- [Work to be completed]
Print the records below exactly, omitting all pictures.

<<<<

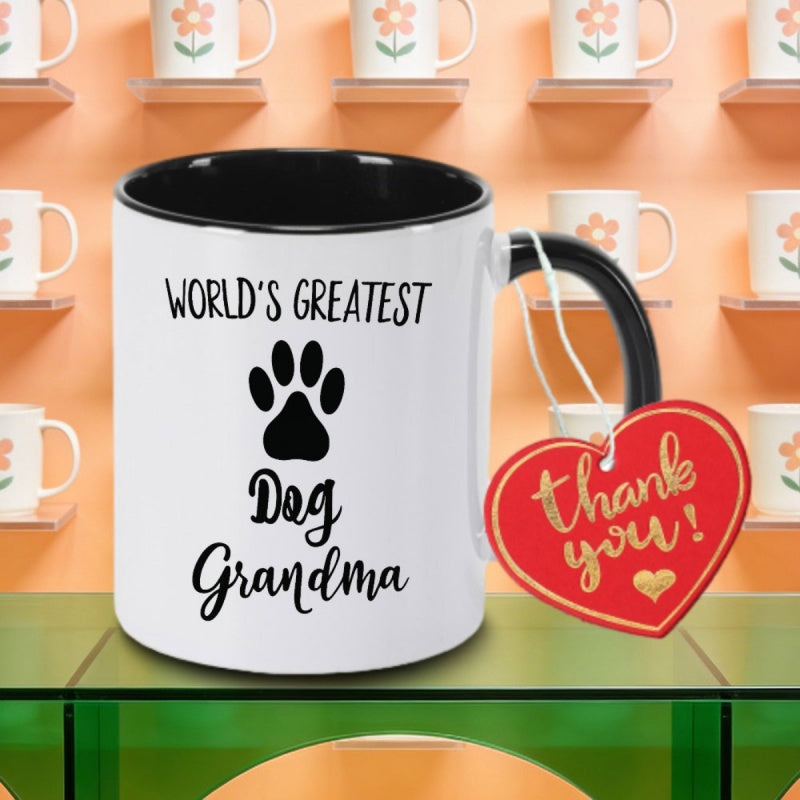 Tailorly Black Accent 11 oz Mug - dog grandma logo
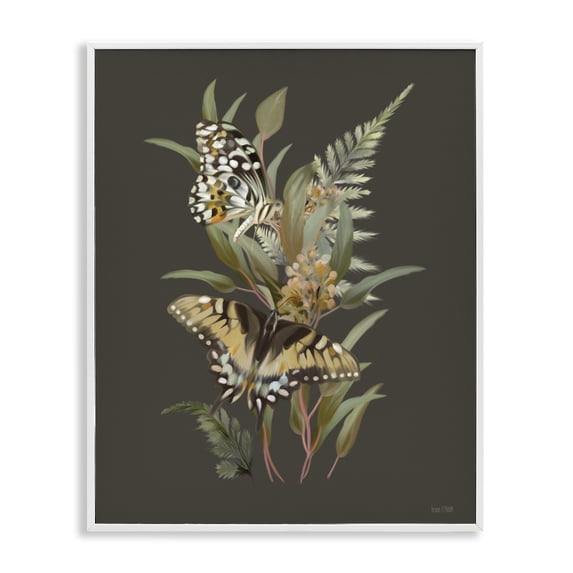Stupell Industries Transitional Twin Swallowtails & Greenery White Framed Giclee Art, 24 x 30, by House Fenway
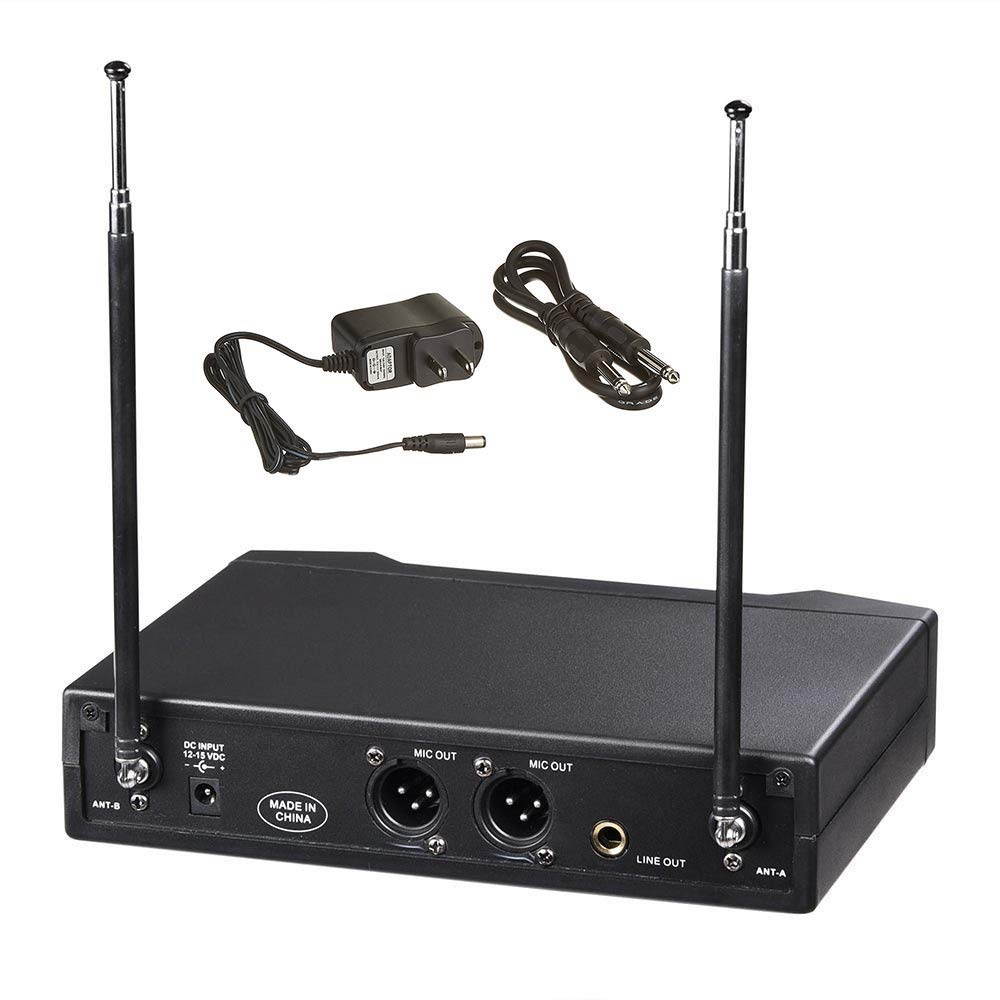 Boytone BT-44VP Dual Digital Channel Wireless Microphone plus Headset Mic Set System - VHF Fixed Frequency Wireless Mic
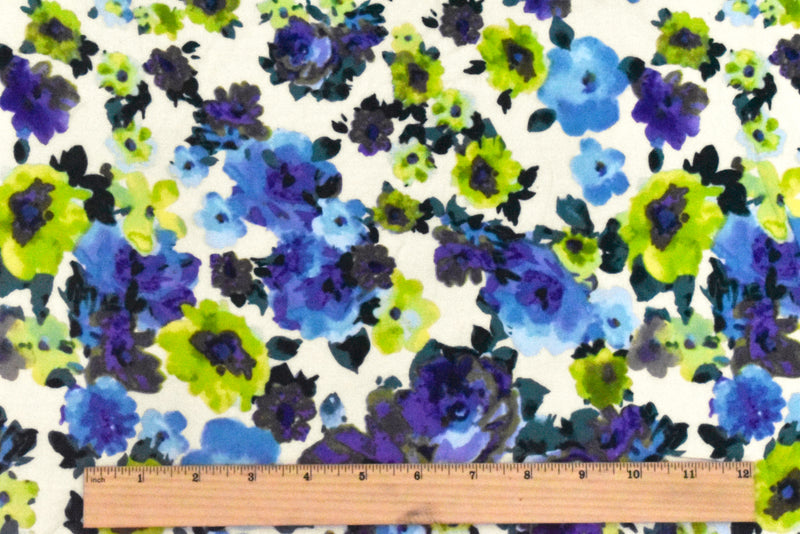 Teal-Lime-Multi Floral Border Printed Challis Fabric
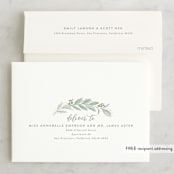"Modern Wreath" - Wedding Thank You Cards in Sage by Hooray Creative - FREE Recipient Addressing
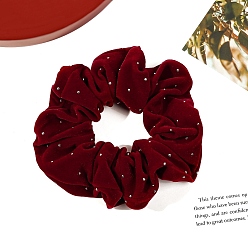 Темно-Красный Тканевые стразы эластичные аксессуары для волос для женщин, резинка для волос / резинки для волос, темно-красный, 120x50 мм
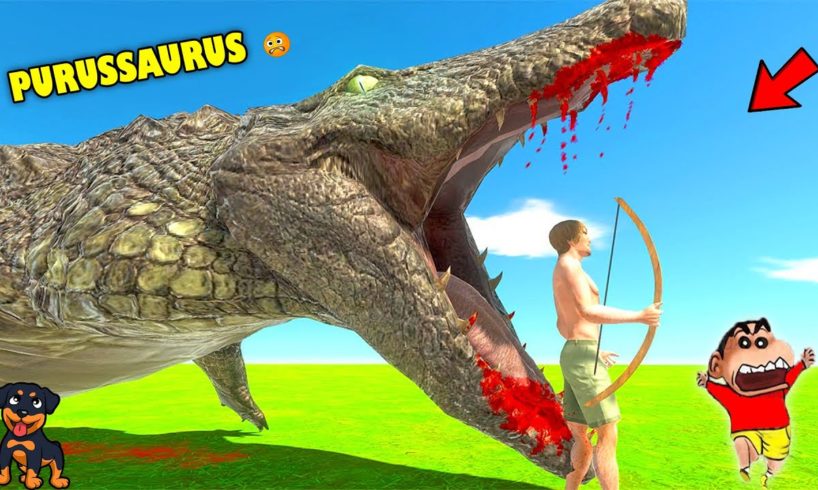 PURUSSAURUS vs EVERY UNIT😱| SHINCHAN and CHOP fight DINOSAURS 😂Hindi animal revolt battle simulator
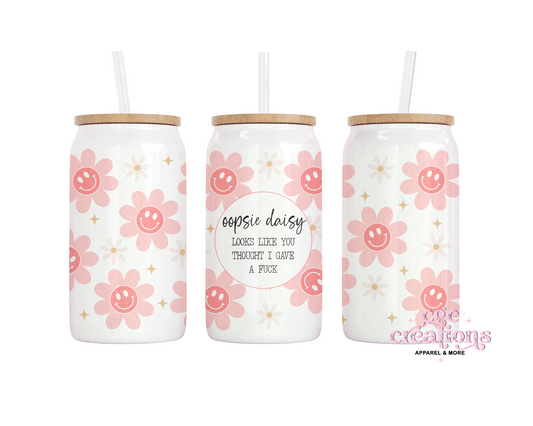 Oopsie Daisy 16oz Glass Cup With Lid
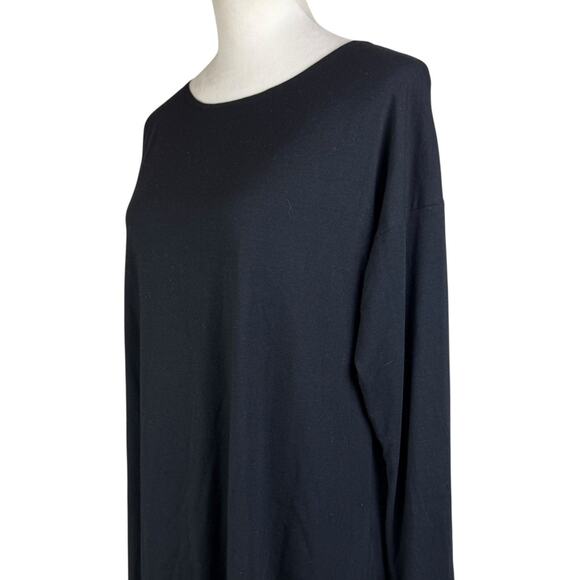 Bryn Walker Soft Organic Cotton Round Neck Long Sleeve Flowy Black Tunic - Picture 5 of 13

>>>>

- [Response box]
 Tailorly Black Accent 11 oz Mug - dog grandma logo
Stupell Industries Transitional Twin Swallowtails & Greenery White Framed Giclee Art, 24 x 30, by House Fenway
 Boytone BT-44VP Dual Digital Channel Wireless Microphone plus Headset Mic Set System - VHF Fixed Frequency Wireless Mic
 Teal-Lime-Multi Floral Border Printed Challis Fabric
"Modern Wreath" - Wedding Thank You Cards in Sage by Hooray Creative - FREE Recipient Addressing
 Темно-Красный Тканевые стразы эластичные аксессуары для волос для женщин, резинка для волос / резинки для волос, темно-красный, 120x50 мм
 PURUSSAURUS vs EVERY UNIT😱| SHINCHAN and CHOP fight DINOSAURS 😂Hindi animal revolt battle simulator
 Oopsie Daisy 16oz Glass Cup With Lid
 Bryn Walker Soft Organic Cotton Round Neck Long Sleeve Flowy Black Tunic - Picture 5 of 13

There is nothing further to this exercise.